Okay, without a practical example I can't show you how to do it. So I'll try to explain how it works.
Think of it like a kids' coloring picture. Slice Transforms are the black and white outlines of the shapes that make up your picture. They prevent you from coloring outside of the lines. But you still have to decide how to fill them.
So you're going to need to do some scaling yourself. Every stage is different, every look is different. So you need to eyeball how to scale your content on the stage. Depending on your content, a stage with very wide wings needs a different scaling than a stage with lots of thin vertical pillars. There is no way to automate this. In fact, deciding which looks work on a particular stage is what sets a good VJ apart from a technician.
If you really, really want to automate this, you can use the Auto Size mode on the layer, set to Fill. Combined with Slice Transforms set to Fill, this will make sure your content will always fill the slices you're using it on.

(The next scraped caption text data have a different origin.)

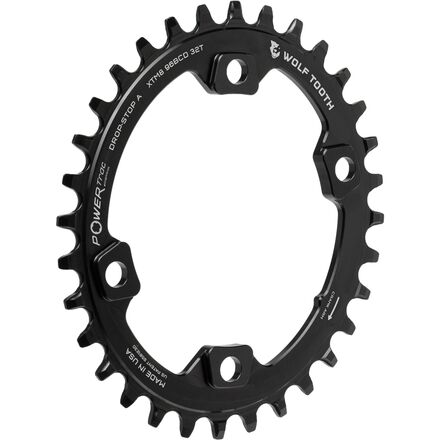 Wolf Tooth Components - Drop Stop PowerTrac Shimano Chainring - Black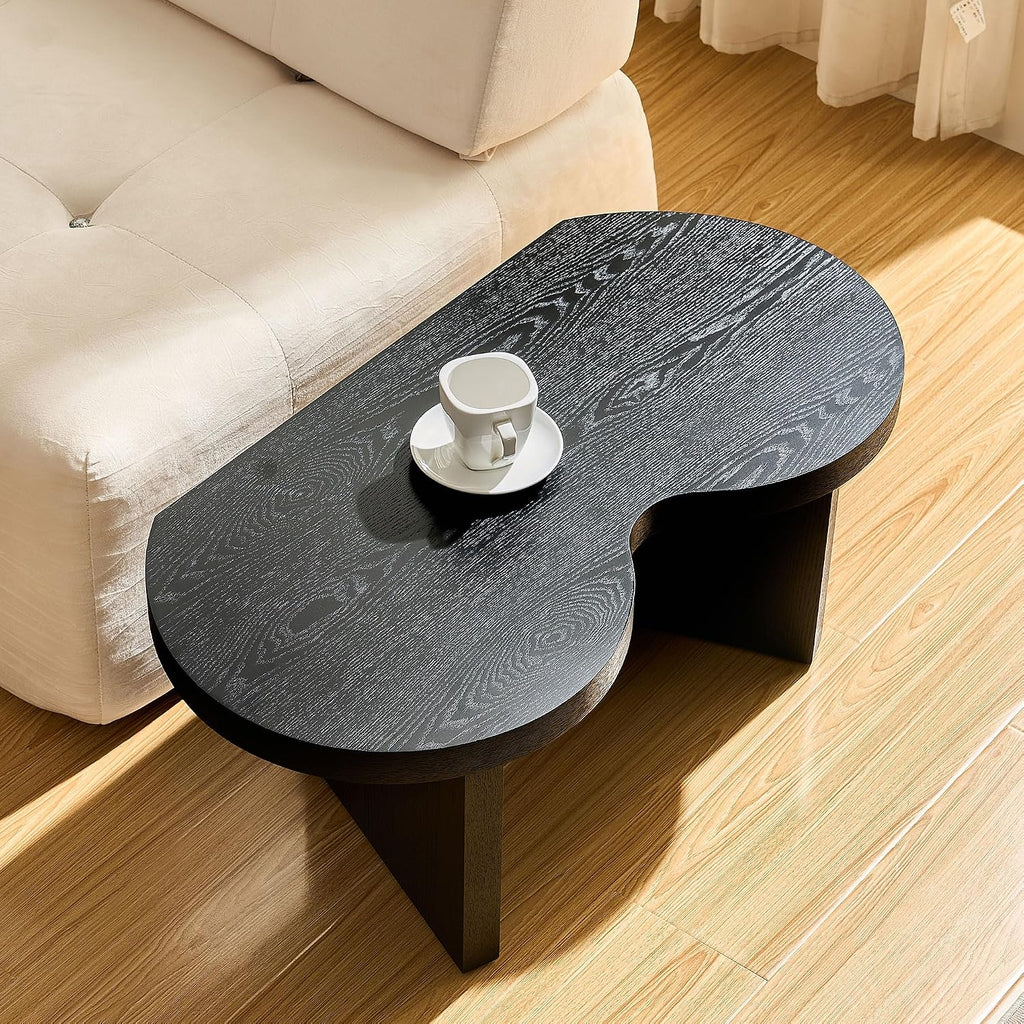 31.49' Nesting Coffee Table Set of 2 for Living Room, Couch/Bedroom Side, Unique Butterfly Shaped, Irregular Wood Fun Center Table for Small Space- Black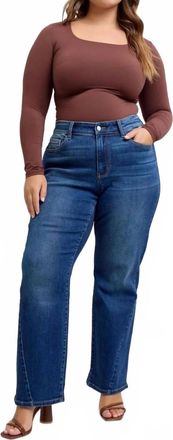 Judy Blue Mid Rise Side Seam Detail Straight Jeans - Plus In Medium Wash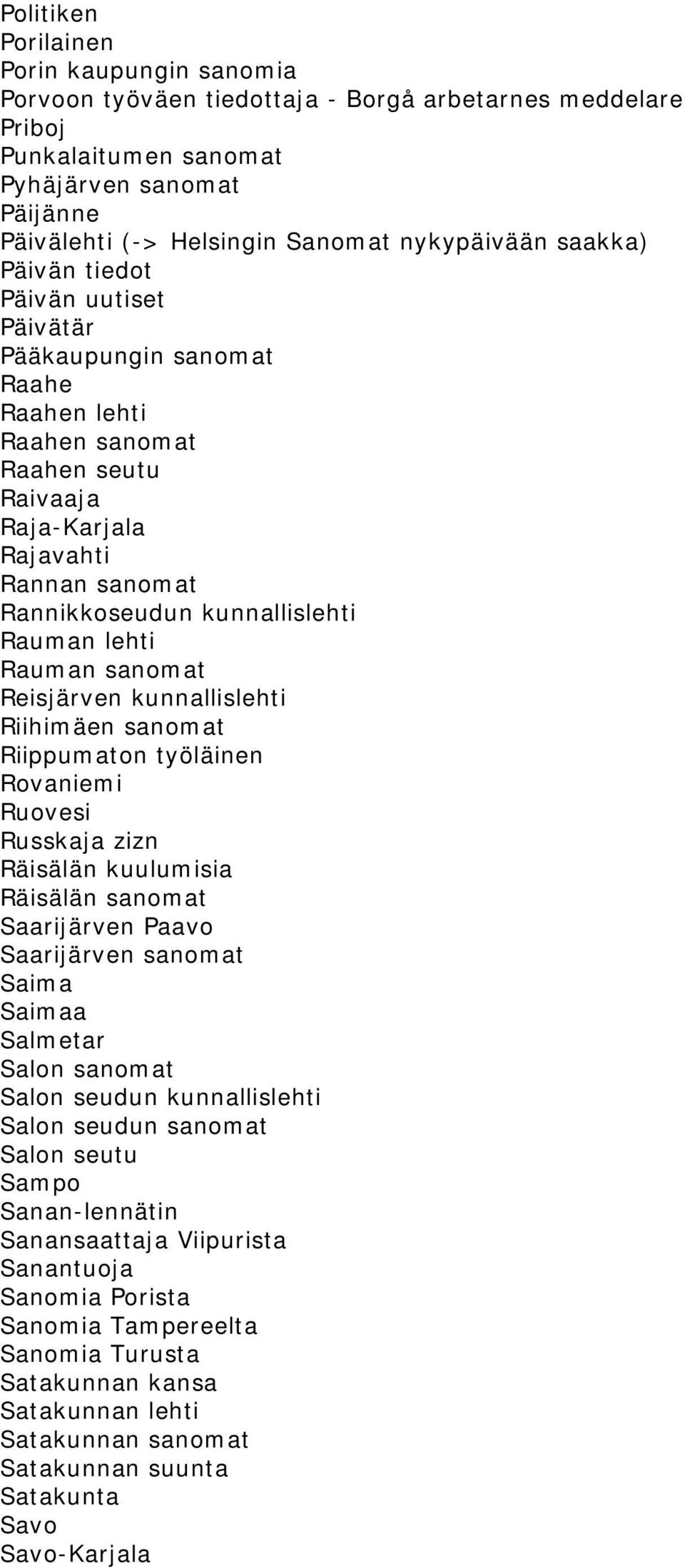 kunnallislehti Rauman lehti Rauman sanomat Reisjärven kunnallislehti Riihimäen sanomat Riippumaton työläinen Rovaniemi Ruovesi Russkaja zizn Räisälän kuulumisia Räisälän sanomat Saarijärven Paavo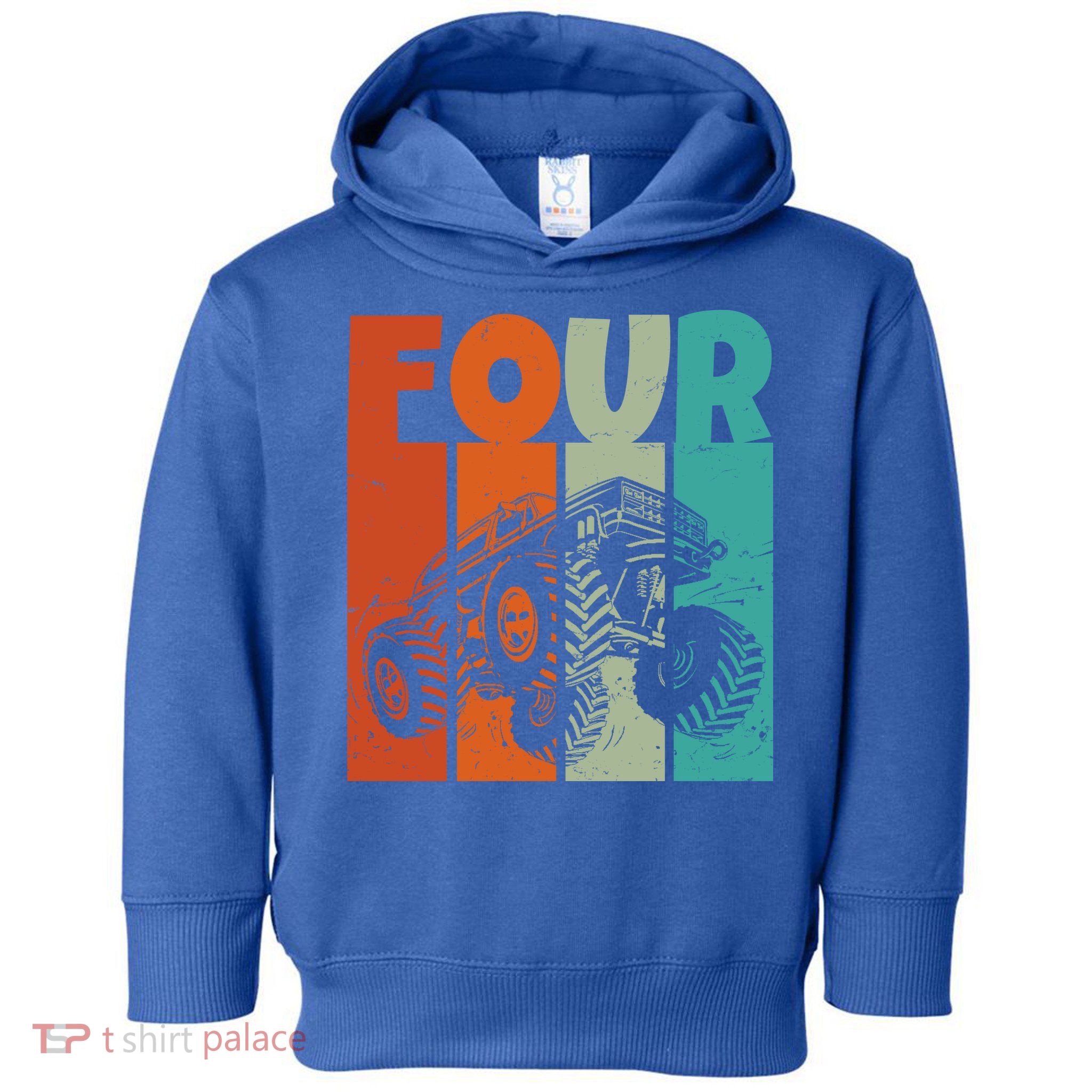 Birthday Monster Truck Four Retro 4 Year Old Bday Toddler Hoodie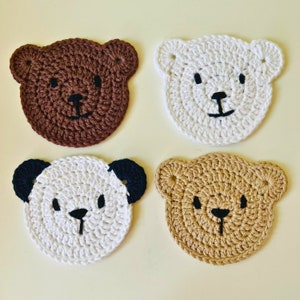 Bear Coaster Crochet Pattern, PDF Instant Download, Beginner Friendly Instructions in English, Cute Animal Coaster or Applique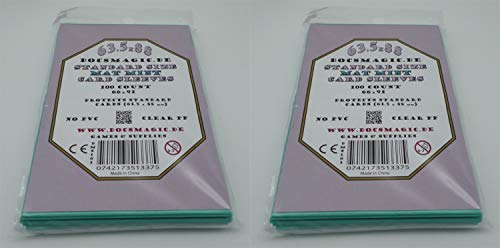 docsmagic.de 2 x 100 Mat Mint Card Sleeves Standard Size 66 x 91 - Aqua - Kartenhüllen - PKM - MTG von docsmagic.de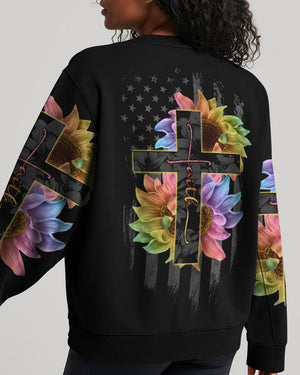 Faith Rainbow Sunflower Cross Flag Women's All Over Print Shirt - Ri2406234
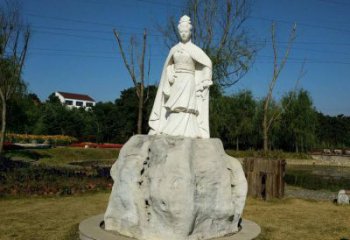 河源虞姬石雕塑-公园历史名人楚汉时期美女雕像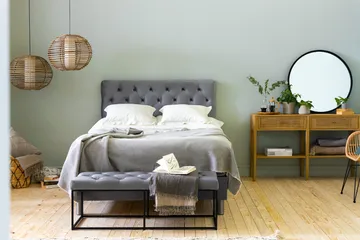 Ella Sengepakke 120x200cm Dypheftet Sengegavl - Lysegrå / Fløyel - Møbler - Senger - Kontinentalsenger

If your content is mostly just abstract moving wallpaper, you can get away with this. If you're trying to tell any type of story, you need to make sure your story is visible. I would always use my programming slot to go through my content and my looks, and see if they translate/transform well to the particular stage I'm playing that night.
Practically, I would use the single default transform on the clip to adjust each clip to taste. Using Slice Transforms on the layer, I would then decide which parts of my stage that bit of content ends up. I'd throw out the second transform you're applying everywhere. It doesn't do anything the first one couldn't also do, and just adds confusion.